Long-term tenants in assured shorthold tenancy contracts often aren’t protected from ‘no-fault’ section 21 evictions: a clause that can allow landlords to evict tenants if they do not agree to rent increases. Despite promises from the government to abolish this clause, Section 21 evictions still remain legal, with the LRU reporting a 76 per cent increase taking place since last year.
“Thankfully we were able to negotiate with the landlord, but that’s only because of hard work and luck – we weren’t protected by the law,” Cara said. “Fighting these battles becomes an unpaid job – you’re already paying rent, but you then you have to put in all this extra work just to have security.”
“I joined LRU just over a year ago, because rent is the single biggest outgoing for everyone – this hits us all hard, and it’s really unfair,” said Johnathan, a marcher for LRU in Stratford. “Housing has gone from being a bare necessity to being a point of investment – people who can’t afford a house are being used to generate profit by big, career landlords.”

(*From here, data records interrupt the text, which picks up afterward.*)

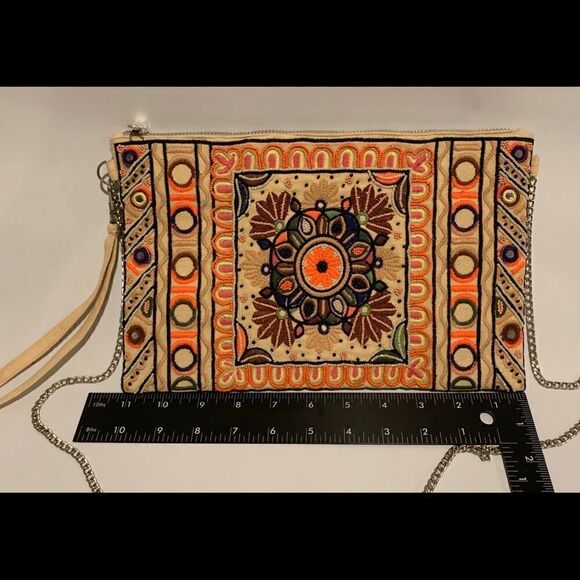 New Jalyn Sole Society Colorful Boho Chic Handbag - Picture 3 of 6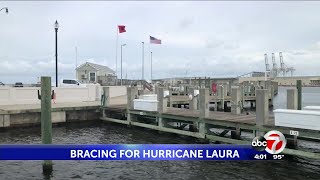 Hundreds of thousands evacuating Texas, Louisiana coast ahead of Hurricane Laura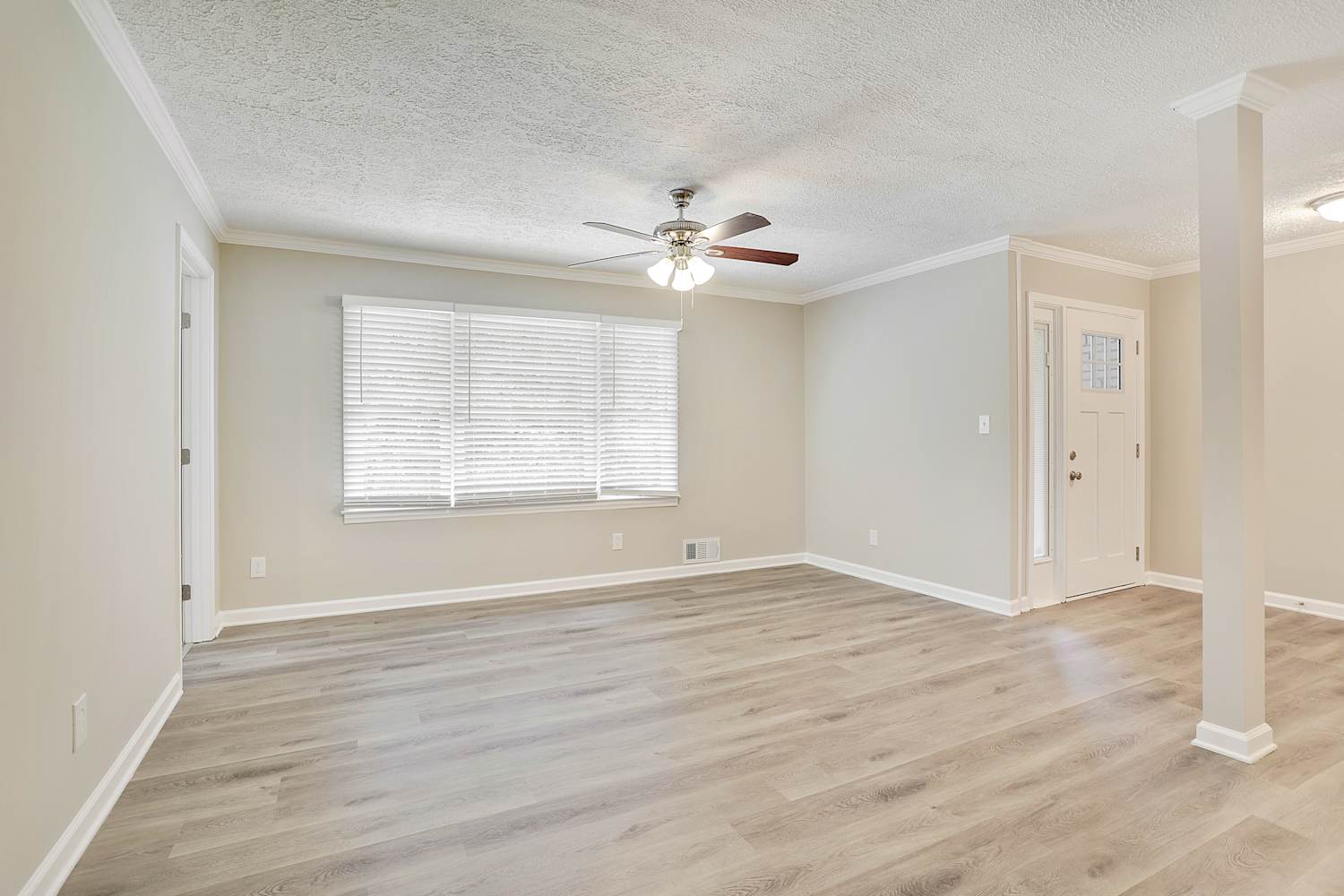 3074 Boulder Way photo 4
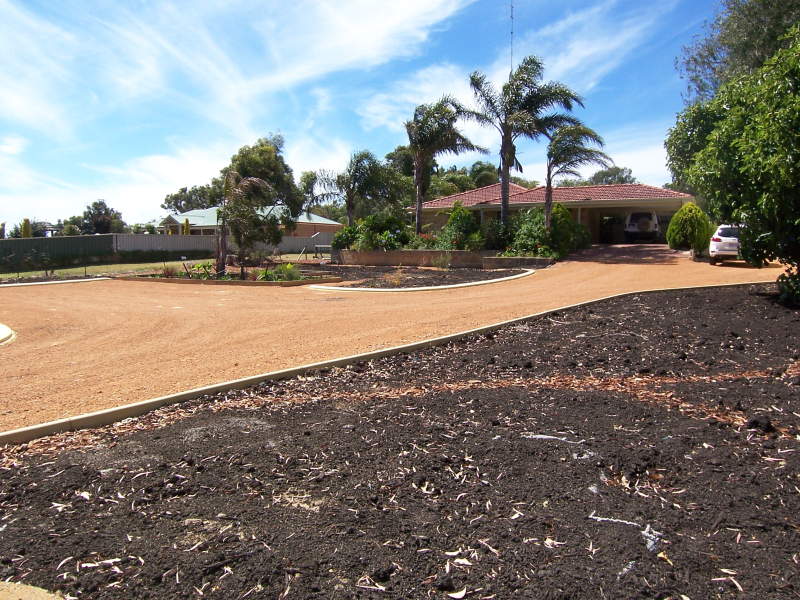 8 Laura Ave, Australind, WA 6233 Property Details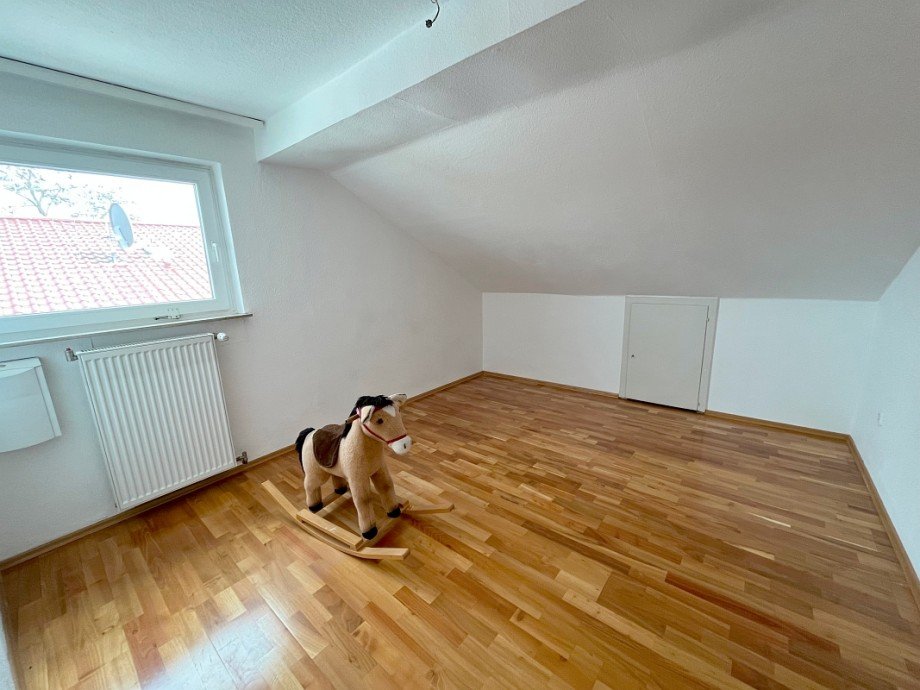gem�tliches Schlafzimmer Dachgeschoss Haus B�ttelborn-Worfelden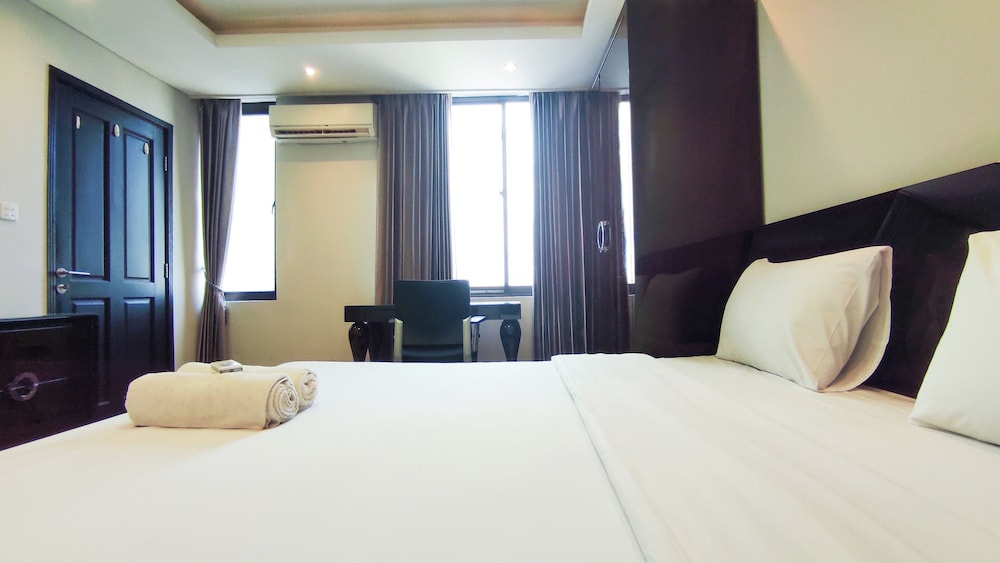 Premium and Restful 3BR in City Center at Kondominium Regensi Apartment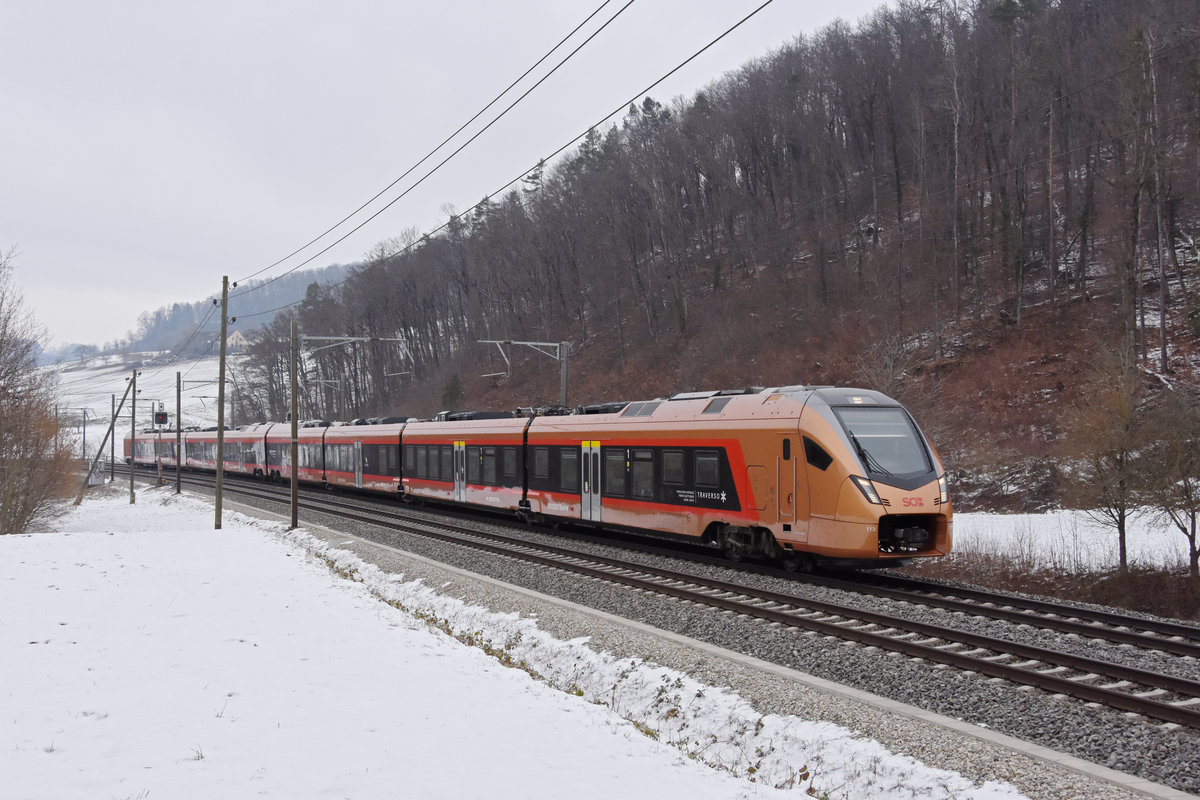 RABe 526 113 Traverso der SOB fährt Richtung Bahnhof Tecknau. Die Aufnahme stammt vom 15.02.2021.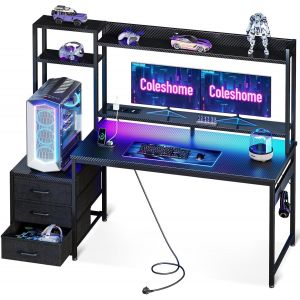 NouvelHorizonstore-Bureau Gaming avec &iquest;&iquest;tag&iquest;&iquest;re et Tiroirs, Bureau Gamer avec &iquest;&iquest;clairage LED & Prise Int&iquest;&iquest;gr&iquest;&iquest;e, Table Ordinateur avec Tablettes de Rangement & Support Moniteur (Noir Fibre de Carbone, 137 - Neuf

“The short-term solution to this crisis is a rent freeze,” Johnathan said. “Rents are going up at a massive rate that doesn’t match inflation – a freeze isn’t a matter of ‘want’, it’s a necessity. Renters will be made homeless on a huge scale if we don’t act now.”
Mayor of London Sadiq Khan has also expressed his support for a rent freeze, calling on government ministers to enact a two-year cap on private rents in the capital.
“London’s private renters are facing a triple whammy with rising rents, bills, and the cost of household essentials putting a major strain on their finances. Ministers must take this crisis seriously and act now.”